Festival Côté court : hommage au court-métrage
Conserva Acabada (1990)
Durée : 01:36
La jeunesse qui remplit les terrasses du Ciné 104 à Pantin (Seine-Saint-Denis), lors de chaque édition du festival Côté court, est un indice ou plutôt une promesse : le cinéma est un art bien vivant et la salle n’a pas dit son dernier mot.
A l’excitation d’une nouvelle génération invitée à montrer ses premières œuvres répond la curiosité d’un public qui peut facilement approcher les équipes de films et découvrir la programmation foisonnante pour un « pass » à 25 euros.
La 28e édition de Côté court confirme son identité de tête chercheuse, croisant les regards, les disciplines et les générations, avec deux compétitions (fiction et essai-art vidéo), des sections hybrides (Ecran libre et Panorama), un focus sur le Portugal, faisant se côtoyer la « nouvelle vague » (Miguel Gomes, Joao Pedro Rodrigues, Salome Lamas) et les « maîtres » (Joao Cesar Monteiro, Manoel de Oliveira). Clarisse Fabre
Festival Côté Court, Ciné 104, 104, avenue Jean-Lolive, Pantin (Seine-Saint-Denis). Jusqu’au 15 juin.
« Journal d’un maître d’école » : une expérience ciné-pédagogique
Vittorio De Seta parla di: Diario di un Maestro
Durée : 11:13
Certaines œuvres émergeant d’une longue nuit d’oubli sont restituées avec d’autant plus d’urgence que leurs questionnements sont restés sans réponse. C’est le cas de Journal d’un maître d’école, film en quatre épisodes réalisé pour la télévision publique italienne (RAI) par Vittorio De Seta, disponible dans un très beau livre-DVD (éd. L’Arachnéen) retraçant précisément le contexte et l’histoire atypique de sa production.
Méconnu et très rarement montré en France, alors qu’il rencontra un grand succès (20 millions de spectateurs) en Italie, lors de sa diffusion en 1973, c’est une merveille d’audace et d’intelligence.
Inspiré des théories de pédagogues réformateurs comme Célestin Freinet ou Mario Lodi, mené comme une expérience pédagogique in vivo, dans un partage des pouvoirs respectifs de la fiction et du documentaire, Journal d’un maître d’école explore les conditions possibles d’une nouvelle façon d’enseigner, en opposition à une institution scolaire sclérosée et désinvestie.
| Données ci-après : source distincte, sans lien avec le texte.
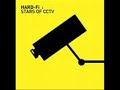 Hard-Fi - stars of cctv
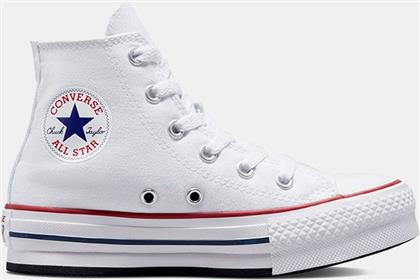 AS HI LIFT WHT/WHT/BLK (9000125912-1539) CONVERSE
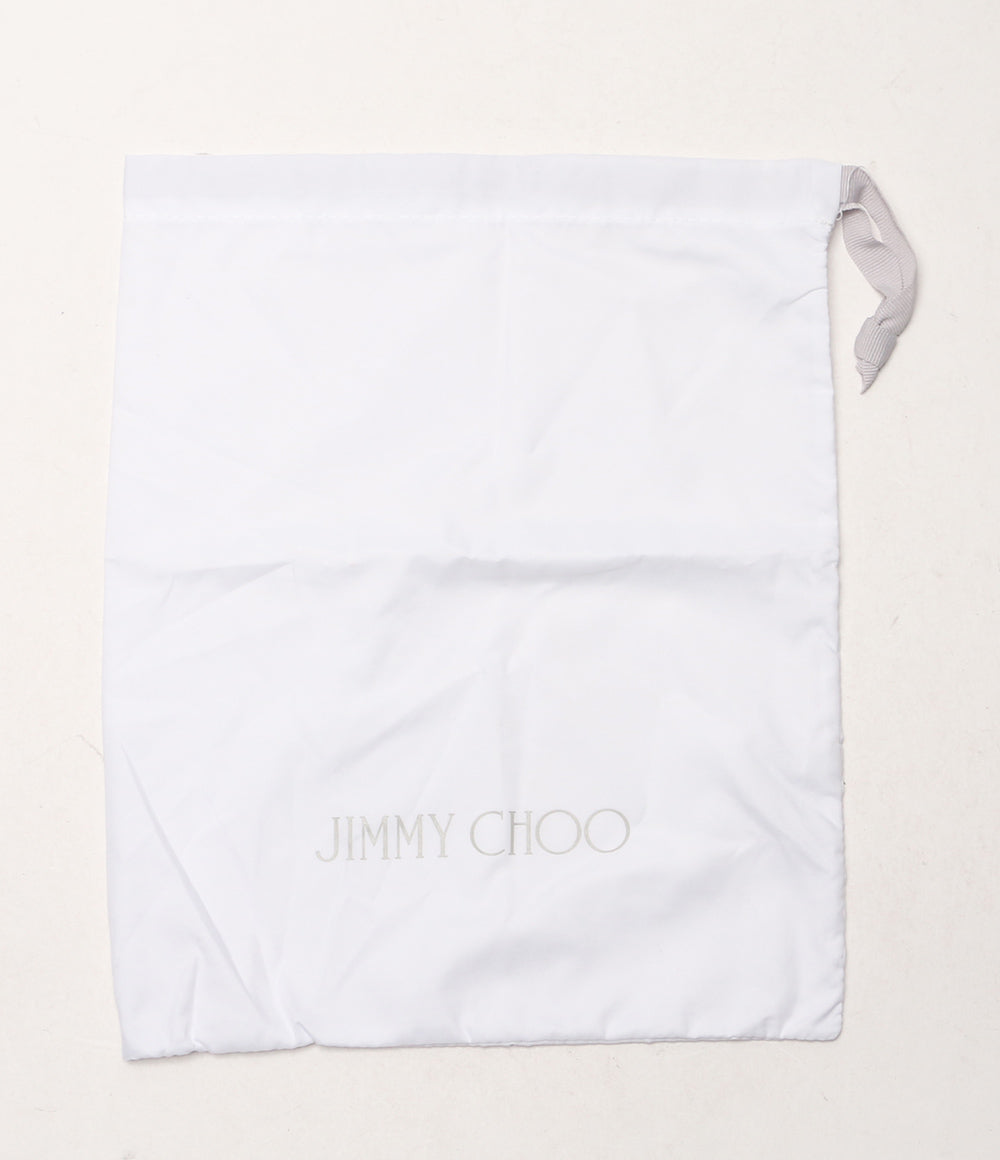 JIMMY CHOO ウェッジソールサンダル レディース SIZE 36 ジミーチュウ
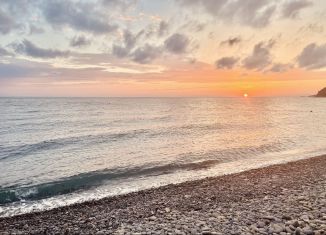 Продажа 1-ком. квартиры, 38 м2, Анапа, Крестьянская улица, 27к1, ЖК Лазурный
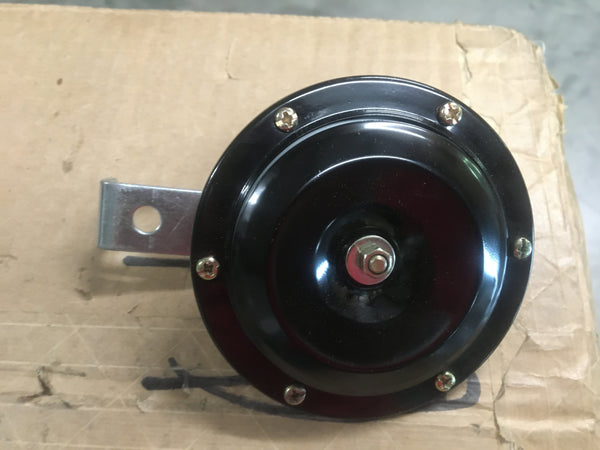 Cadillac Gage Textron Signal Horn NSN:6350-01-483-4495 P/N:300-24ST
La sidérante beauté du film tient précisément à cela : que l’apprentissage et la transmission prennent forme sous nos yeux, arrachés à la misère et à l’inaction des pouvoirs publics. Les visages expressifs des élèves, leur rage explosive, la confiance qu’ils finissent par reconquérir constituent la trame d’un des plus beaux poèmes de l’enfance du cinéma italien. M. M.
« Journal d’un maître d’école », film en quatre épisodes de Vittorio De Seta (1973). « Le film, un livre », sur une idée de Federico Rossin. L’Arachnéen, 30 €.